The former Lincoln Park Post Office is a building located in Lincoln Park, Michigan. It now houses the Lincoln Park Historical Museum. It was listed on the National Register of Historic Places in 2004.

==History==
In the late 1930s, the city of Lincoln Park had a need for a new post office building. Congressional approval was obtained in 1938, and the land where this building stands was obtained for $15,000. The design of this building, created by supervising architect of the treasury Louis A. Simon, was used for a number of other post offices in the state of Michigan. The building was constructed by the Henry Dattner Co., who began construction in December 1938. The final cost of construction was $80,000. The Lincoln Park Post Office was dedicated on August 5, 1939, serving as a branch of the Detroit Post Office. Lincoln Park Post Office began operating as an independent post office in 1954.

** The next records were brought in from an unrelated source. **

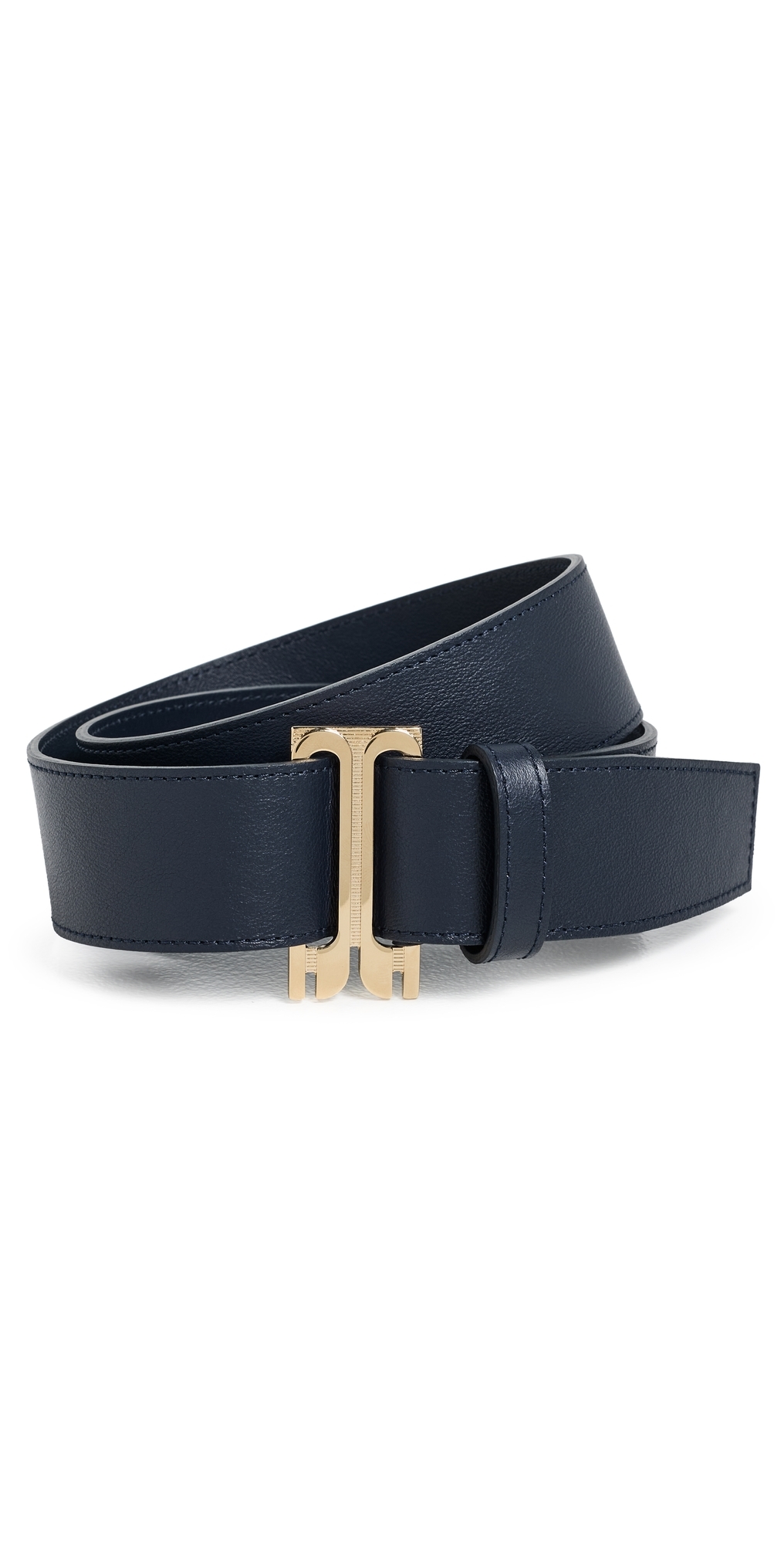 Victoria Beckham Tuxedo Belt Navy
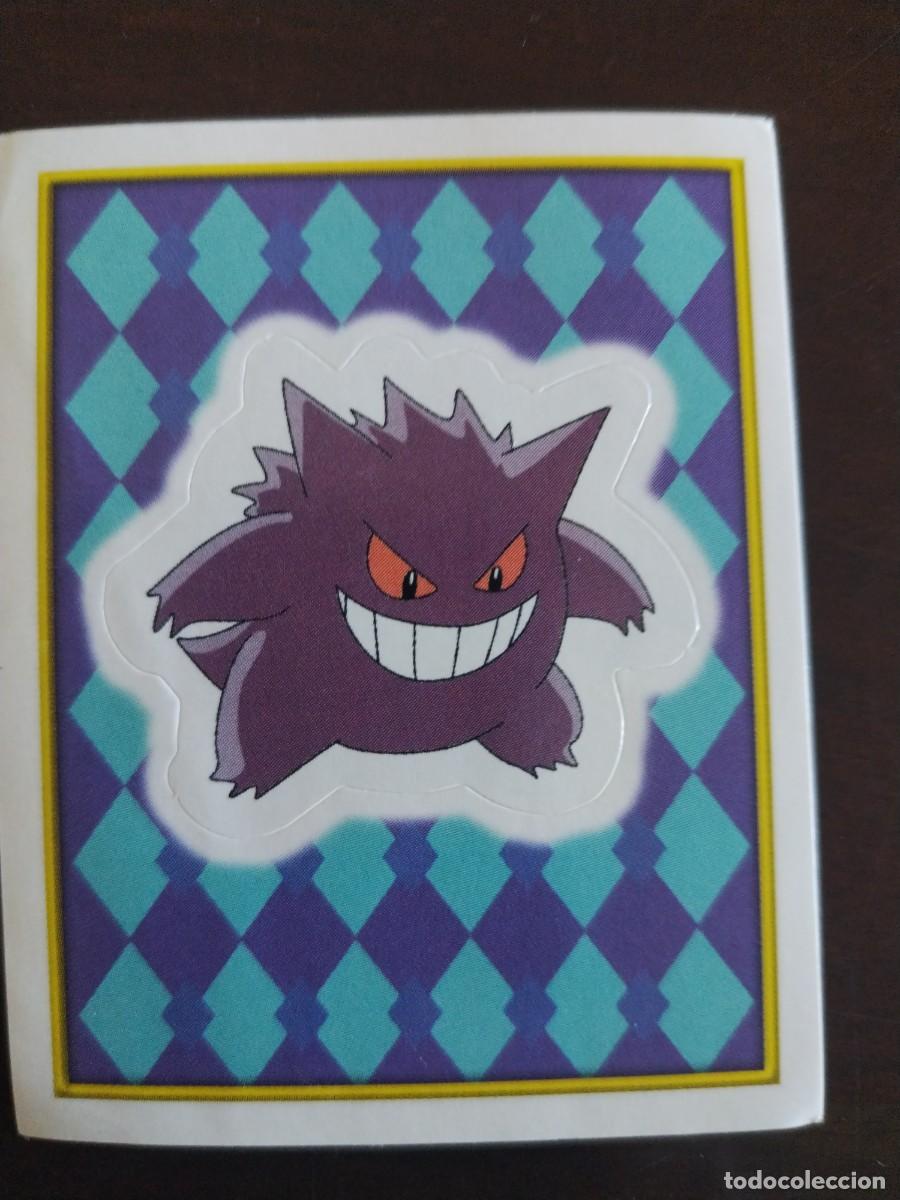 Sammeln alte Sammelbilder: Cromo N&deg; 102 POKEMON, Nintendo-Merlin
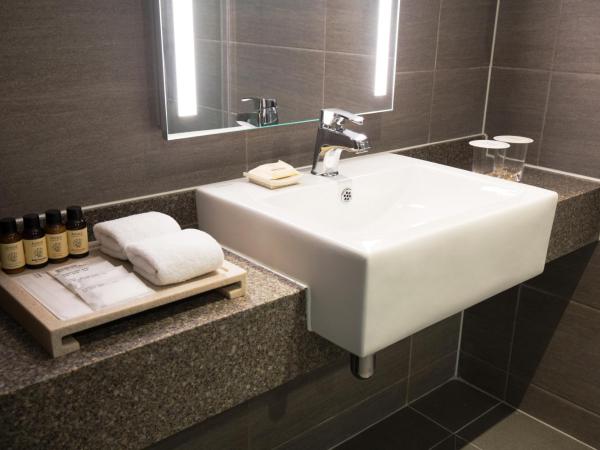 Orakai Cheonggyesan Hotel : photo 3 de la chambre suite 1 chambre lits jumeaux avec terrasse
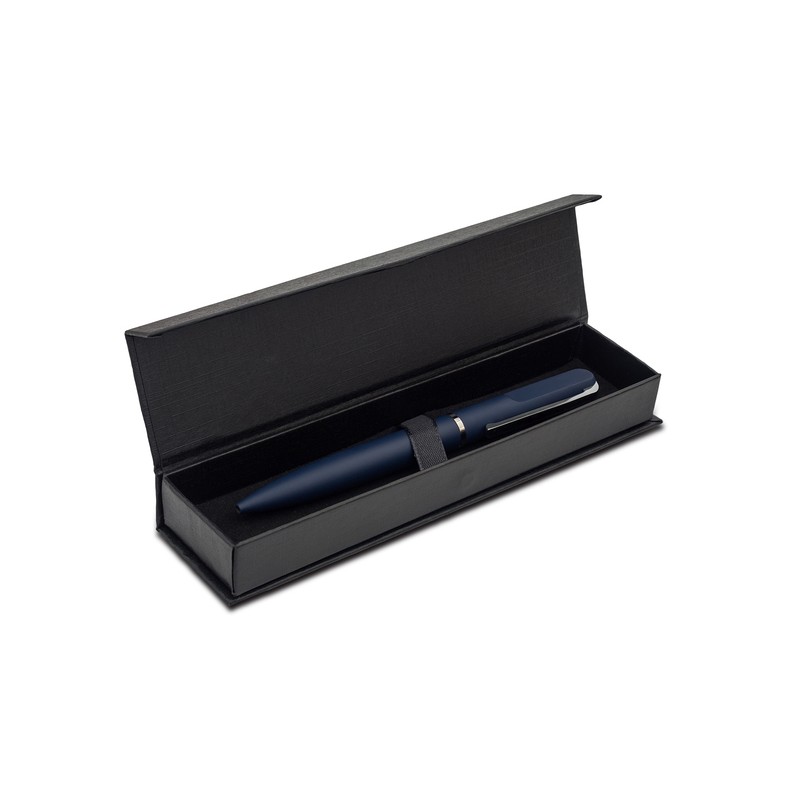 SABA metal ballpen in a box, dark blue - R02317.42
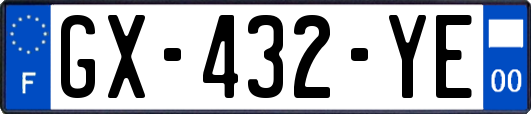 GX-432-YE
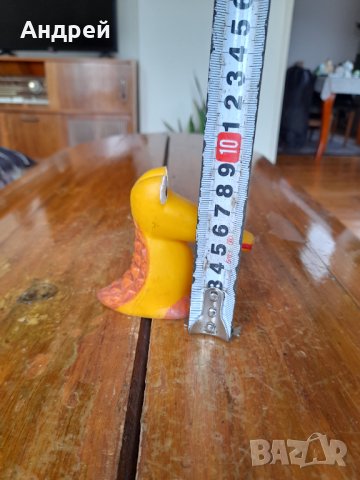 Стара гумена играчка Крокодил #2, снимка 4 - Други ценни предмети - 39478254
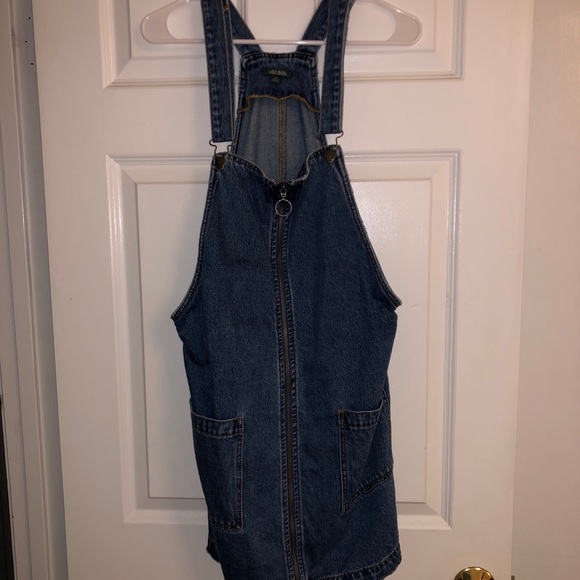 Denim overall dress - Picture 4 of 4
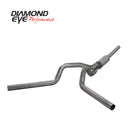 Diamond Eye KIT 4in CB DUAL SS: 2004.5-2007.5 DODGE CUMMINS 600 - depK4236S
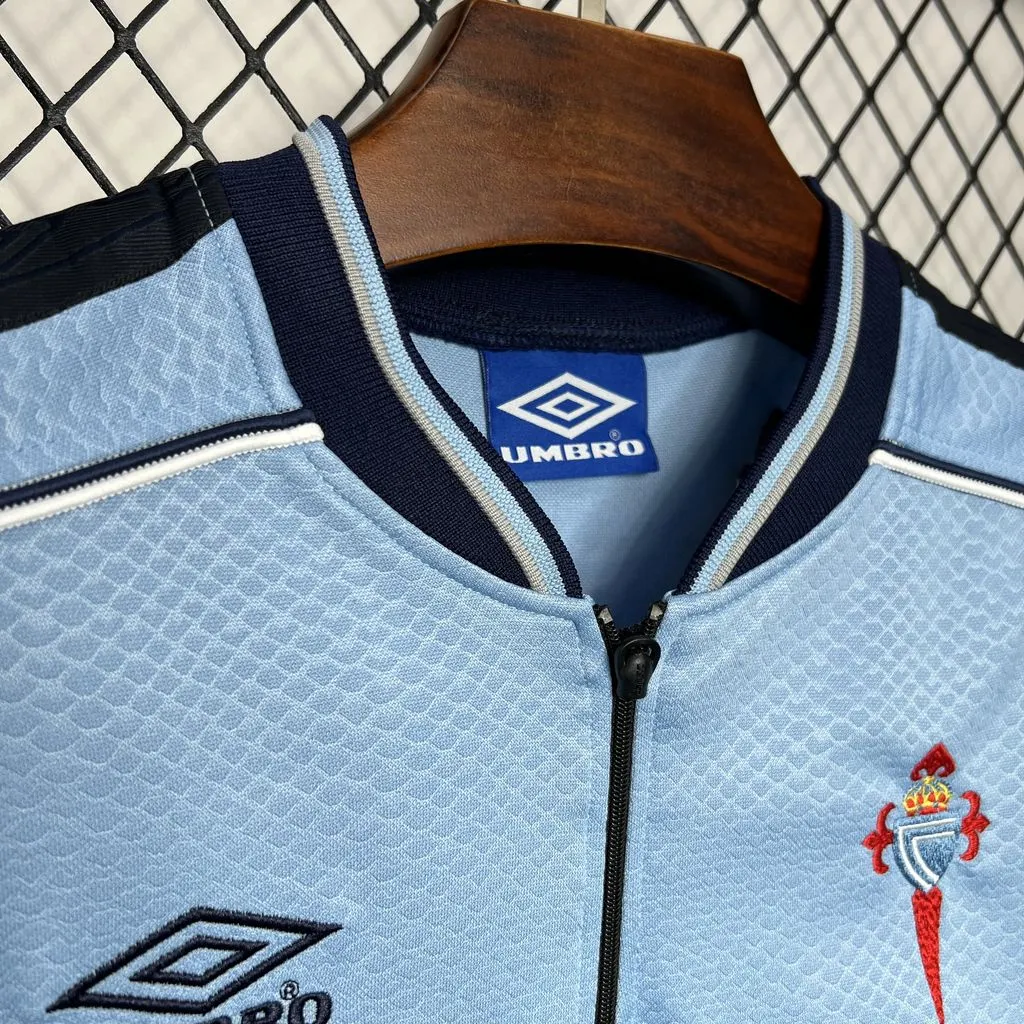 1999/2000 Retro Celta Vigo Home Football Shirt 1:1 Thai Quality - Image 4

However, the Postal Service's Lincoln Park operations eventually outgrew the size of the building. The Post Office left the building in 1991. The Lincoln Park Historical Society purchased the building, renovated it, and opened it to the public. The building is now the home of the Lincoln Park Historical Museum.

==Description==
The former Lincoln Park Post Office is a one-story, flat-roofed building built of concrete and steel and faced with tan brick. St sits on a raised basement faced with limestone; limestone is also used for the parapet cap and a stringcourse below. he main facade is symmetrical, with a center entrance and two windows on each side. The outer windows are atop limestone panels. The inner window openings are broader and higher, rising to the stringcourse beneath the parapet, with the windows vertically centered between limestone panels. The front entrance is reached by a flight of stairs, and stone carvings on a panel over the entryway represent three modes of mail transportation: air, rail, and ship.

The simpler side elevations have six windows apiece. One side has a basement access stairs. The rear loading dock area has been renovated with vinyl siding.

The interior one-and-one-half-story main floor contains a lobby, Postmater's office, and mail workroom. The public lobby measures approximately 45 feet by 13 feet, and has a terrazzo floor with marble wainscoting. The lobby originally housed a mural, Hauling in the Nets, by Zoltan Sepeshy. The mural is now located in the Marine Museum on Beaver Island. The postmaster's office measures approximately 12 feet by 14 feet, and the mail workroom approximately 40 feet by 59 feet. The basement contains three storage rooms.